Return, word for word, every line starting at the line with "1306 E 88th Place, Chicago, IL 60619" and ending at the final line of the entries; skip the pictures.

++++ Records for this task

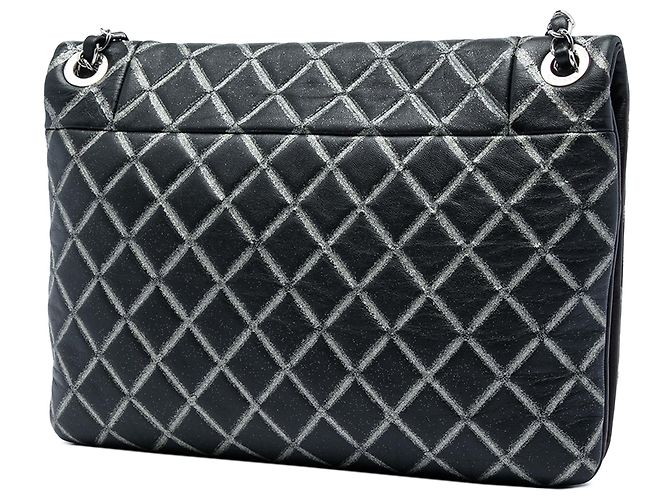 Borsa a tracolla Chanel Quilted Metallic Distressed Lambskin CC Crystal Flap Nera Nero - vista 2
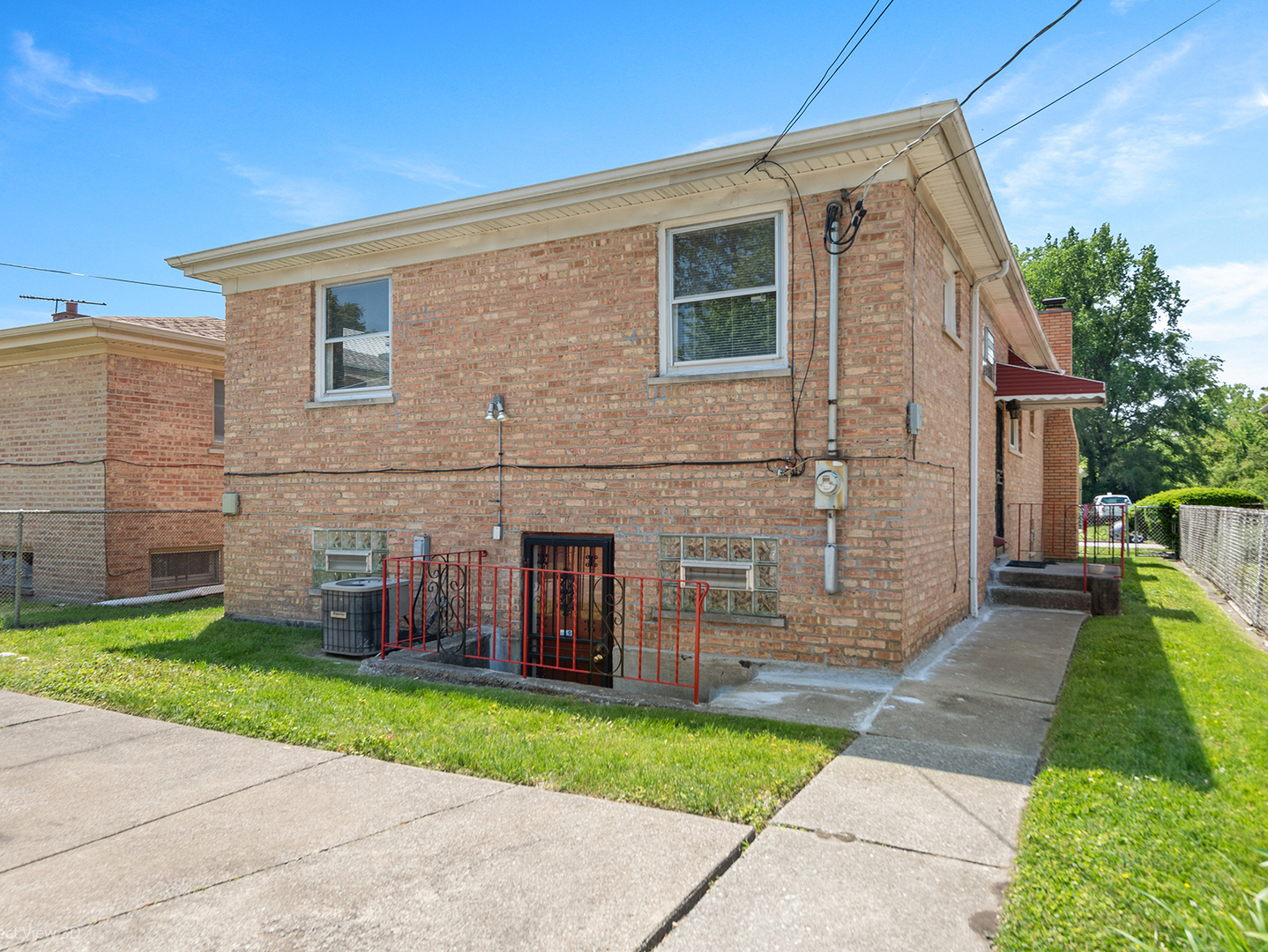 1306 E 88th Place, Chicago, IL 60619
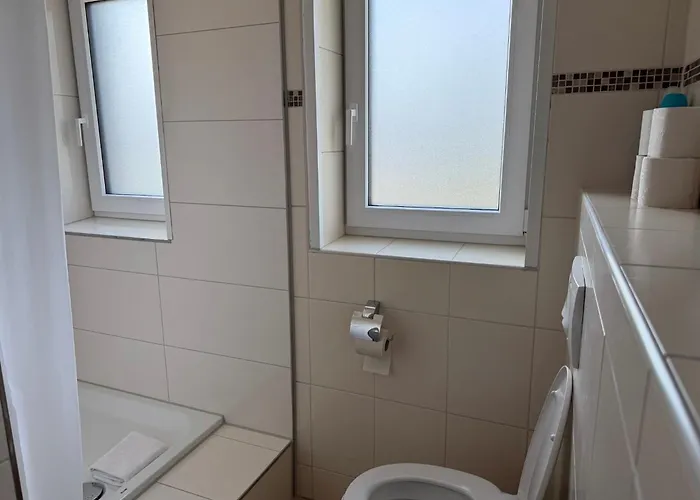 T&k - - 4-7 - Private Parking - Wifi - Fully Equipped Kitchen *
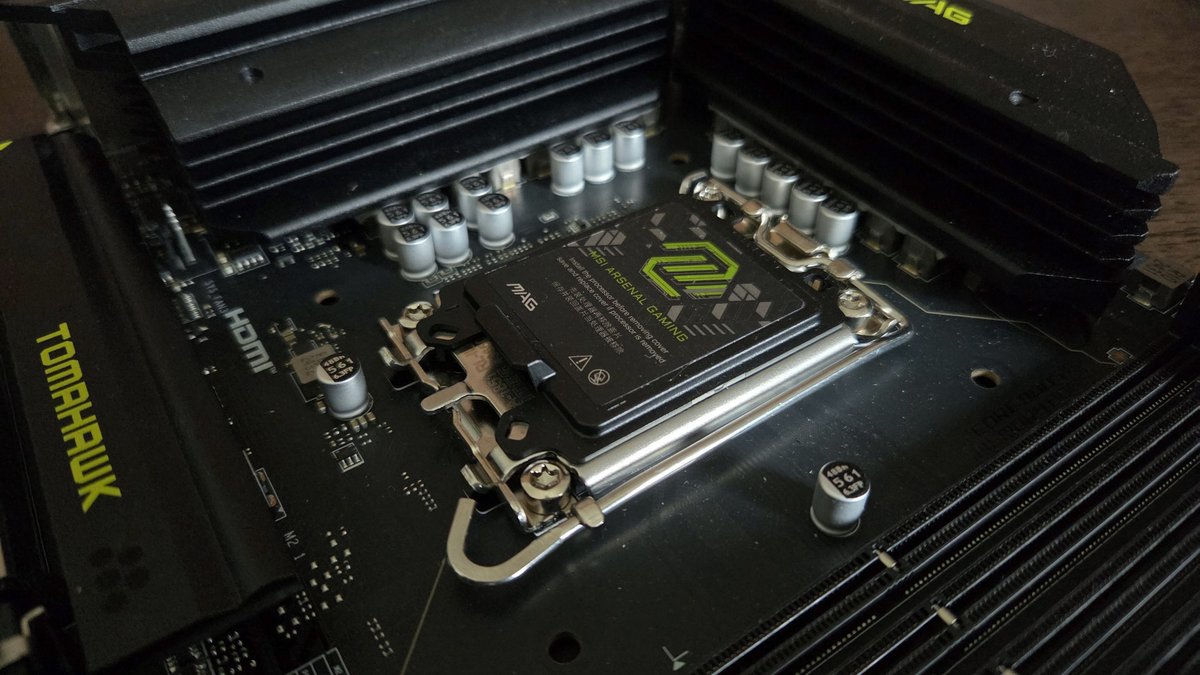 Autour du CPU, remarquez l'étage d'alimentation et ses deux dissipateurs thermiques. ©Nerces pour Clubic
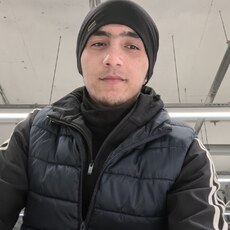 Фотография мужчины Komil, 21 год из г. Нижний Новгород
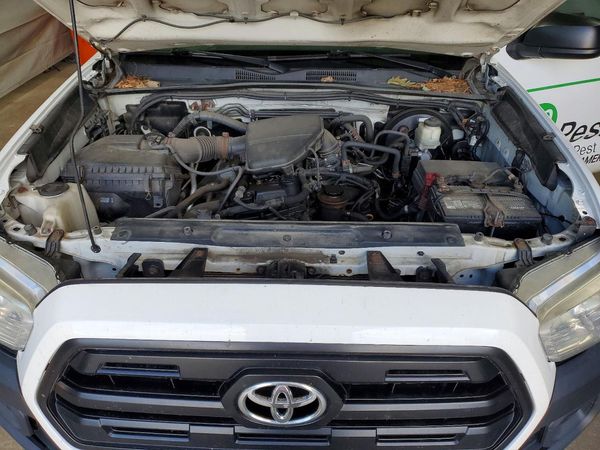 2016 TOYOTA TACOMA SR/SR5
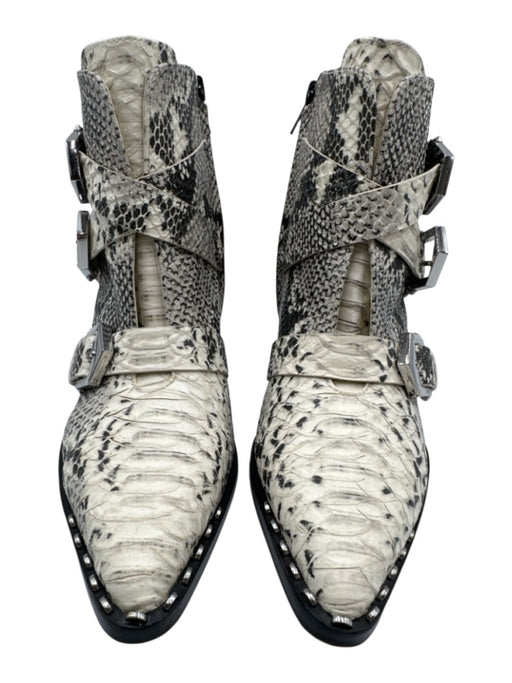 Gianni Bini Shoe Size 6 White & Black Leather Pointed Toe Stacked Heel Booties White & Black / 6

++++++++

▶ _Problem solution_
 1306 E 88th Place, Chicago, IL 60619
 T&k - - 4-7 - Private Parking - Wifi - Fully Equipped Kitchen *
 Autour du CPU, remarquez l'étage d'alimentation et ses deux dissipateurs thermiques. ©Nerces pour Clubic
 Фотография мужчины Komil, 21 год из г. Нижний Новгород
 2016 TOYOTA TACOMA SR/SR5
 Gianni Bini Shoe Size 6 White & Black Leather Pointed Toe Stacked Heel Booties White & Black / 6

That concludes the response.